With recent productions of Western classics such as Antigone, Macbeth, Endgame and Lysistrata, Tainaner Ensemble has become one of Taiwan's most well-known troupes for exploring the possibilities of adapting Western canonical works into "Minnanyu," or Taiwanese. With White Snake the ensemble has put aside its Western sources in favor of a Chinese love story.

White Snake tells the story of a white snake who, curious about the lives of humans, transforms herself into a beautiful girl and becomes apart of the human world. She then falls in love with a young scholar, who returns her love. The couple eventually marries and all is going well until a monk discovers the snake hiding behind the mask of the woman and eventually exposes her true identity to the young man. The white snake then transforms back into her former shape which scares her husband so much that he dies of shock.

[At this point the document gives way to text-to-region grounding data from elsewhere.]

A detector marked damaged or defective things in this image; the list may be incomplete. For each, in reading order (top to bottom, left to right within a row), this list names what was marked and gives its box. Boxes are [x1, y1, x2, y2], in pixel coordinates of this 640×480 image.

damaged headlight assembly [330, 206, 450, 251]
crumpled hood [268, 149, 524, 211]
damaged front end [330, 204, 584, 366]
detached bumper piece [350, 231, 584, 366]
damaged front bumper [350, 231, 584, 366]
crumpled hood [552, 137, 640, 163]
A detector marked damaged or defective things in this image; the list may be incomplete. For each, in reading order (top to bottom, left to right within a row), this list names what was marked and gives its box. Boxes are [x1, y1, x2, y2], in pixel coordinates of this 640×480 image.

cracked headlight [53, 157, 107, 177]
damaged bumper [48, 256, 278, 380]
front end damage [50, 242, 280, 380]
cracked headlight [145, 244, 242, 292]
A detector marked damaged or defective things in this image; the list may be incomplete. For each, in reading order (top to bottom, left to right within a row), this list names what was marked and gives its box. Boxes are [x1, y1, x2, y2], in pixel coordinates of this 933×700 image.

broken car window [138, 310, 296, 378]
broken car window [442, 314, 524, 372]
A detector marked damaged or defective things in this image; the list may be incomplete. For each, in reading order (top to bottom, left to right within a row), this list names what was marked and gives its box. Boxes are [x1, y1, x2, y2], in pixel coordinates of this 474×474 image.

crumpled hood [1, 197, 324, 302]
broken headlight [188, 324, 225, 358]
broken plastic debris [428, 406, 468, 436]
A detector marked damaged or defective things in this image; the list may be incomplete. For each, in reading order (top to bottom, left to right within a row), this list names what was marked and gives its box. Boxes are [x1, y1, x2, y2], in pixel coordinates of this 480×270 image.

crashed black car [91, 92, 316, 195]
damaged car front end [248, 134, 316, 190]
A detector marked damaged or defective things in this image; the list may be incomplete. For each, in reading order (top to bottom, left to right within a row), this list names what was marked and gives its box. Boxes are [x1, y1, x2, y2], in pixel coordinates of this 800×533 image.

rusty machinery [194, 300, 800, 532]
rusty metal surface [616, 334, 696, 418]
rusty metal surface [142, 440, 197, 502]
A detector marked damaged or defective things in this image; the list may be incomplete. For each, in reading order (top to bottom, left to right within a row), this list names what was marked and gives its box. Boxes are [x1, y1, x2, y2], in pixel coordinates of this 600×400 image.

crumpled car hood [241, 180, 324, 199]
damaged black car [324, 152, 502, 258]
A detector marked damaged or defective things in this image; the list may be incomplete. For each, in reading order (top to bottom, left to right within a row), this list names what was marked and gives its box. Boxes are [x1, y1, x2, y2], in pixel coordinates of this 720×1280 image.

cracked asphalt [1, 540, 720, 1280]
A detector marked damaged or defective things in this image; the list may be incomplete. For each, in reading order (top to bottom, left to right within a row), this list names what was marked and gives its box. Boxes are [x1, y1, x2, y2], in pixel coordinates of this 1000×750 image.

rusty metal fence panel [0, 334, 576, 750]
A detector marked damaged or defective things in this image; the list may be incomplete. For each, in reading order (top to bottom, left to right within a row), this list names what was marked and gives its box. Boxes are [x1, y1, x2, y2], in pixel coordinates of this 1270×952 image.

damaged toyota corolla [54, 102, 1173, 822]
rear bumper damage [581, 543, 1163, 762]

The script is adapted from Taiwanese playwright Tian Chi-yuan's (田啟元) White Tide, which caused a sensation when it was first performed, because instead of having the white snake played by a woman, her character — and all the characters on stage — were played by men, the purpose of which was to allow Tian to explore themes of homosexuality. Though the current production doesn't deal with issues of sexuality, it does retain the vibrant Taiwanese of Tian's original.

The director of the production, Lu Po-shen (呂柏伸), updates Tian's original production by infusing it with songs to help move the narrative forward. "It's more like a song production. I asked a composer to write 14 songs — but [Tian's] words are our lyrics as well," said Lu. The addition of a chorus consisting of seven singers provides different voices to the work. But Lu is quick to point out that the performance is not a musical. "The original language used in the play lends itself to music, which is why we chose to adapt it to song," he said.

And it is Tian's language that Lu is most excited about presenting to Taipei audiences because it is both unique stylistically and most readily compliments the western works that his ensemble is so interested in staging.